Golos plays a larger role here but has fewer targets because I’ve chosen to prioritize Cabal Stronghold as an option for Golos, which requires playing a lot of basic Swamps.

I’m not completely sure if I’m using the right mix of planeswalkers.  In particular, the third Ugin, the Ineffable may be too many, and Karn, Scion of Urza; Liliana, Death’s Majesty; or Liliana, Dreadhorde General could be better.

The last version I considered was Mono-Red.  I didn’t consider green or blue because the artifacts already provide ramp and card draw, and what they’re missing is interaction for cheap permanents, and green and blue don’t offer much there.


While Shatterskull Smashing and Spikefield Hazard offer a nice bit of interaction to this deck, I don’t think red gets as much value out of its lands as white or black.

Red’s strength is spot removal.
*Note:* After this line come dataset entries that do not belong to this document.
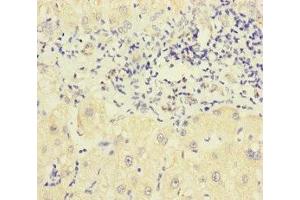 Immunohistochemistry of paraffin-embedded human liver cancer using ABIN7162443 at dilution of 1:100 (P2RX3 Antikörper  (AA 44-317))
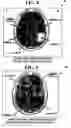 Fig. 08 - Method and system for diagnosis of neuropsychiatric disorders including chronic alcoholism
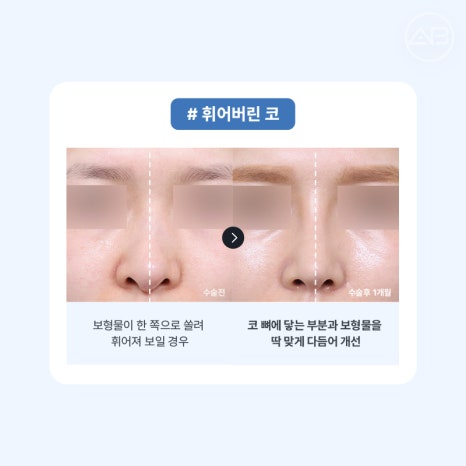 코재수술 필요하다면 에이비성형외과 관련 이미지 3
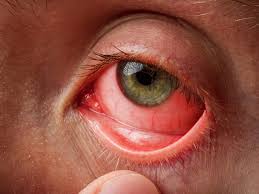 Consult drug interactions database for more information. Ivermectin Side Effects Dosage Uses And More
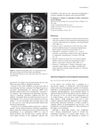 Abnormal Fingerprints and Immigration Delay Disease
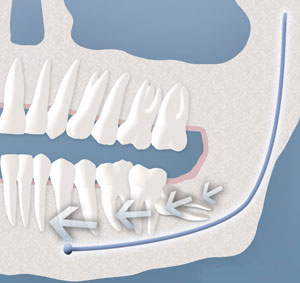 wisdom tooth crowding teeth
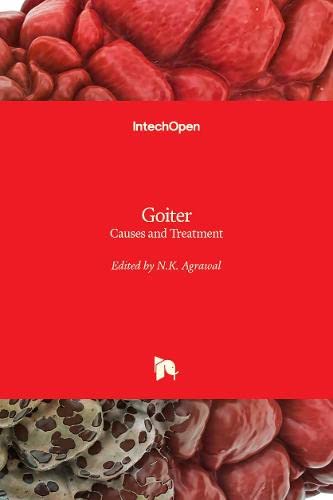 Goiter: Causes and Treatment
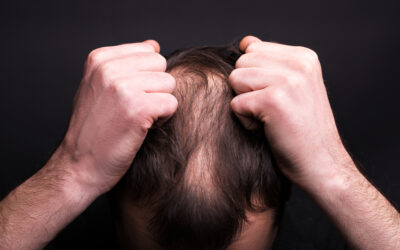 PRP for hairloss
Chandra, Torch of Defiance largely replaces Solemn Simulacrum, offering a faster ramp spell that doubles as a spot-removal spell, and Glorybringer plays as a kind of more proactive Elspeth Conquers Death with different restrictions about what it can kill. 

Bonecrusher Giant, Abrade, and Spikefield Hazard are cheap removal spells that aren’t dead against decks without small creatures.  I’m not playing any sweepers main outside of Ugin, not because I have so much more spot removal than the other decks, but because of the absence of other sweepers, I have an additional Ugin compared to the other decks.

In all of these decks, I’ve played four copies each of Mind Stone, Guardian Idol, and Mazemind Tome.  I think you want to mulligan most hands that don’t have either a Mind Stone or Guardian Idol with these decks because it’s really important to cast your four-mana spells on Turn 3, so you want to play as many as possible. 

Mazemind Tome is just an awesome card that fills a really important role in making sure these ramp decks don’t flood out, and that you have enough cards that you can keep playing lands while interacting to get to the point where you can cast your expensive spells.  I think trimming any of these cards in a strategy like this would almost certainly be a mistake.

The core strategy here has felt good and I think all of these monocolored ramp decks are competitive.  After playing each of them, I’m really not sure which is best.  I like the kind of game the black deck plays, but that might be more of an indictment than anything, as I enjoy working too hard for my wins.